Муравлеев хотел сказать правду (от этого я спячу), но постеснялся и только ответил:
– Жаба душит.
И, вспомнив, что завтра как раз очень рано вставать, поднялся, поднял свой портфель… но поднял неудачно, вниз головой, и все разлетелось по кухне, Фима что-то схватил и громко прочел:
– Апастыль!..Что это? – в панике выкрикнул он.

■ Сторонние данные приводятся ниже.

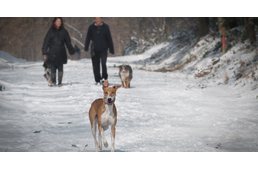 Télen kevesebb séta?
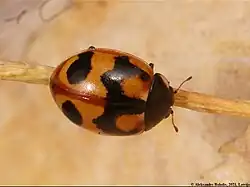 Světlá forma s propojenými skvrnami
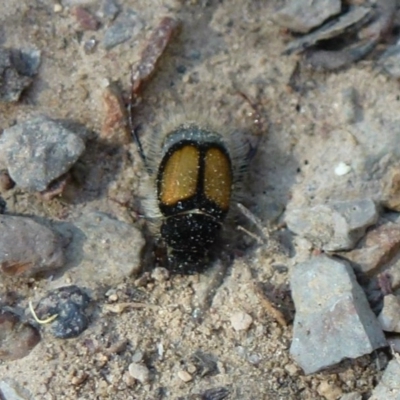 Liparetrus discipennis (A chafer beetle) at Bruce Ridge - 12 Feb 2012 by Christine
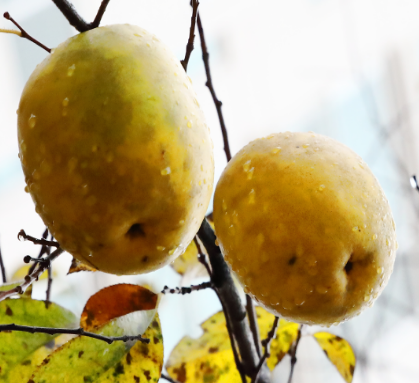 모과청 만드는법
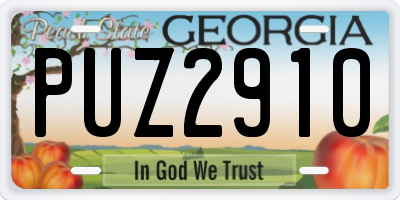 GA license plate PUZ2910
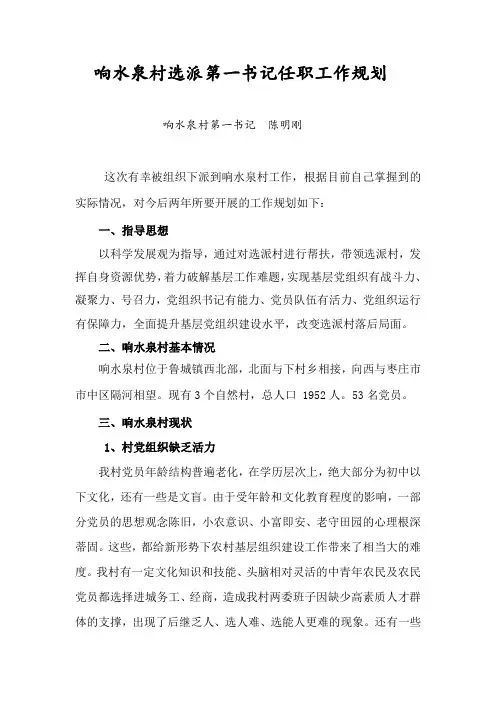 响水泉村第一书记任职规划(陈明刚)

– Что ты, ей-богу, просто бумажка, – проворчал Муравлеев, засовывая белорусские свидетельства о рождении назад в папку и ежась под фиминым взглядом, пронизанным болью за друга. Фима молчал, но лучше б уж он разразился пламенной речью, что есть миллионы занятий, должностей (которые Фима называл «позициями», как в балете), можно устроиться, что-то придумать, нельзя же вот так… сплошной апастыль. Даже молча Фима звучал как с амвона: переквалифицируйся, Муравлеев! Но, поняв, что не убедит, не исправит горбатого и не напоит голодных, Фима, как вечный скитающийся Дон-Кихот, ушел к себе в спальню и вернулся с часами:
– Вот хочешь, возьми. У меня лишние образовались.
Муравлеев, не имевший плебейской привычки носить часы, объяснил:
– Спасибо. У нас это как-то не принято. Ведь часы нам почти без пользы, мы считаем время в других единицах. То есть, можно, конечно, пользоваться и часами, но неудобно, как мерить простуду фаренгейтовским градусником.